The sub-fraction light of axis.Above-mentioned equation is an implicit equation, but after variation appropriate can in the hope of explicit solution, but
Explicit solution can not also be sought in practical operation, directly acquire numerical solution using software for calculation such as Matlab.Curve shown in Fig. 3 is
Relative height differentialCorrespondence curve between contact angle θ, wherein three curves respectively represent drop refractive index n to be measured
For 1.23,1.33 (water), 1.43 the case where.Vignette in Fig. 3 is in the part of 0 ° of 90 ° of < θ < by curve in ordinate side
To amplified figure.Mapping relations it can be seen from curve between the two are not one-to-one.In 0 ° of < θ of contact angle
In the range of 90 ° of <, for each relative height differential measuredThere are two possible contact angle θ values, this requires
The contact angle numerical value measured could finally be determined by also needing to pre-estimate the approximate range of a contact angle in actual measurement.
In the range of 180 ° of 90 °≤θ of contact angle <, the two is one-to-one mapping relations, can be directly opposite by what is measured
Difference in heightObtain corresponding contact angle θ values.The solution have the advantages that it is idiotproof, but due to do not consider spherical imaging
The error of error, solving result may be larger.
It is worth noting that, sufficient by difference in height Δ h, refractive index n, this three information of the vertical view diameter d of drop to be measured 20
To extrapolate contact angle θ.Specific projectional technique be not it is unique, can be according to the model of foundation, required precision, to be measured
The size of drop, possible range of contact angle etc. are varied from.
Preferably, in order to further increase measurement accuracy, the present invention further provides a kind of improved projectional technique, directly
It is calculated according to the law of refraction of light, in this way it is further contemplated that the light (more dissipated) farther out to deviation optical path Center axis
Line, the influence that the spherical surface error so as to correct imaging is brought.Contact angle θ is further obtained by following formula:
Wherein, α1、α2、β1、β2For intermediate parameters;
N.A. it is microscopical numerical aperture.
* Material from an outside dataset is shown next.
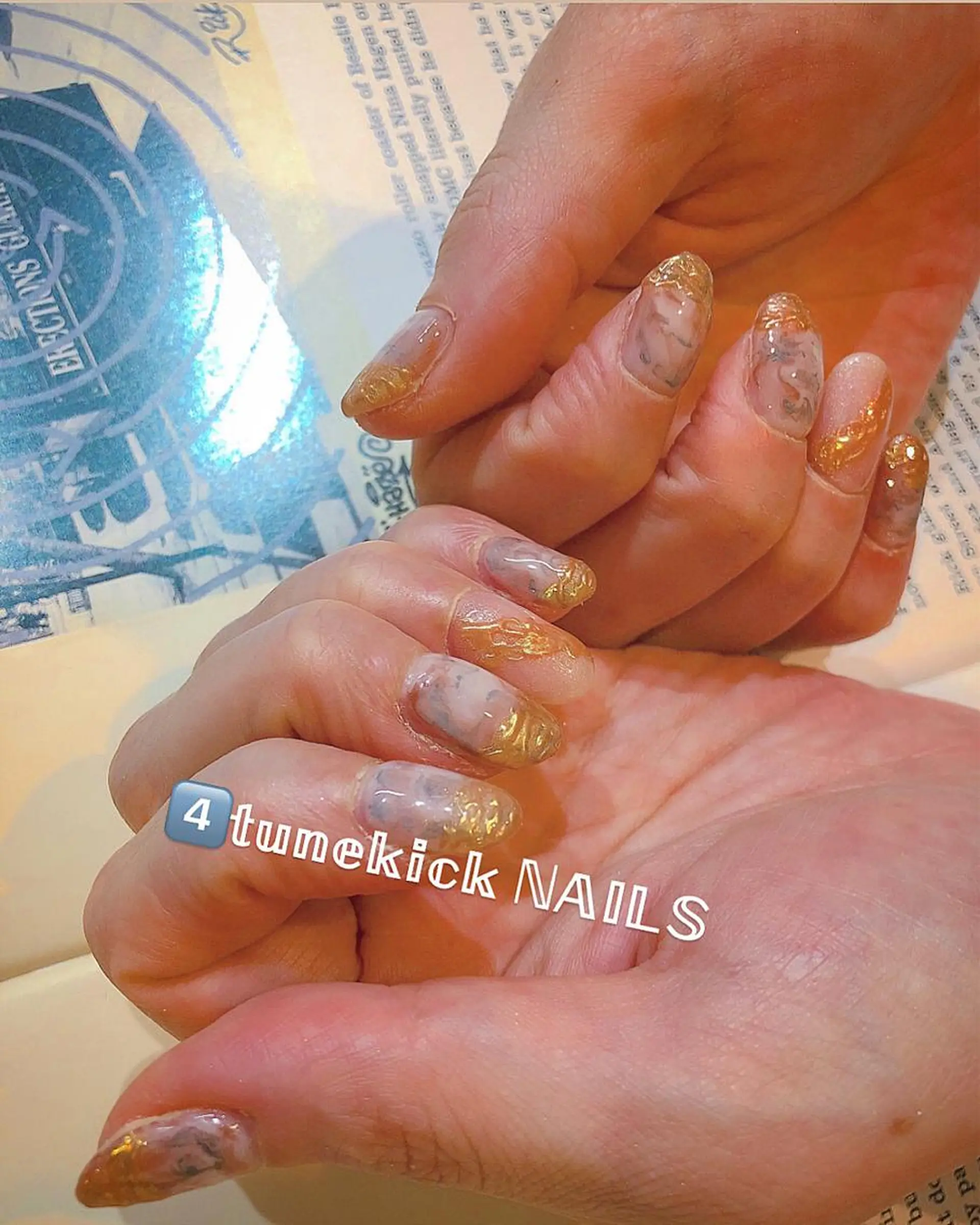 ネイル 4tunekick NAILS(フォーチュンキックネイルズ)所属・光森 淳子のネイルデザイン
With β2For independent variable, α1、α2、β1Three intermediate parameters can be according to equation group β2It shows;Relative altitude
DifferenceIt can also be by β2It shows jointly with θ;β is determined according to the numerical aperture N.A. of micro objective2Value range;It is right
A relative height differential can be calculated in each given contact angle θValue range;By contact angle θ 0~
Series of values, while the range that drop downward projection diameter d to be measured may be occurred in measurement are divided into the range of 180 °
Interior (such as 0.01~10mm) is divided into series of values;For the vertical view of each contact angle θ and drop to be measured 20 of division
Diameter d calculates the value ranges of corresponding difference in height Δ h in theory;Take weighting flat according to the teachings of difference in height Δ h
It is worth to the calculated value and contact angle θ, the mapping table for overlooking diameter d of drop to be measured 20 of Δ h, wherein asking weighting
Average mode can simply take the average value of teachings bound, can also be to be taken to add according to the intensity of emergent ray
Weights, or other weighting schemes closer to actual value;Finally by actually measured actual situation difference in height Δ h, vertical view
Diameter d tables look-up to obtain Contact-angle measurement value θ.For example, as shown in figure 4, can be calculated according to equation group:It is in refractive index n
When 1.33 (water), microcobjective numerical aperture N.A. are 0.14, deviate the farthest distal shaft light of optical axis and come relative to paraxial light belt
Image error caused by relative height differentialError have corresponding pass line curve with contact angle θ.It is this improved to push away
Calculation method sacrifices the explicit nature of solution and complex, but it is opposite improve measurement accuracy, especially for numerical aperture
The larger microcobjective of diameter.
According to the present invention, as shown in Fig. 2, microscope further includes microcobjective 12, imaging unit 13 and gearshift (figure
In be not shown), gearshift is at least connected with one in microcobjective 12, imaging unit 13 and base plane 11, with realize
Gearshift can drive microscope to change focussing plane to different location.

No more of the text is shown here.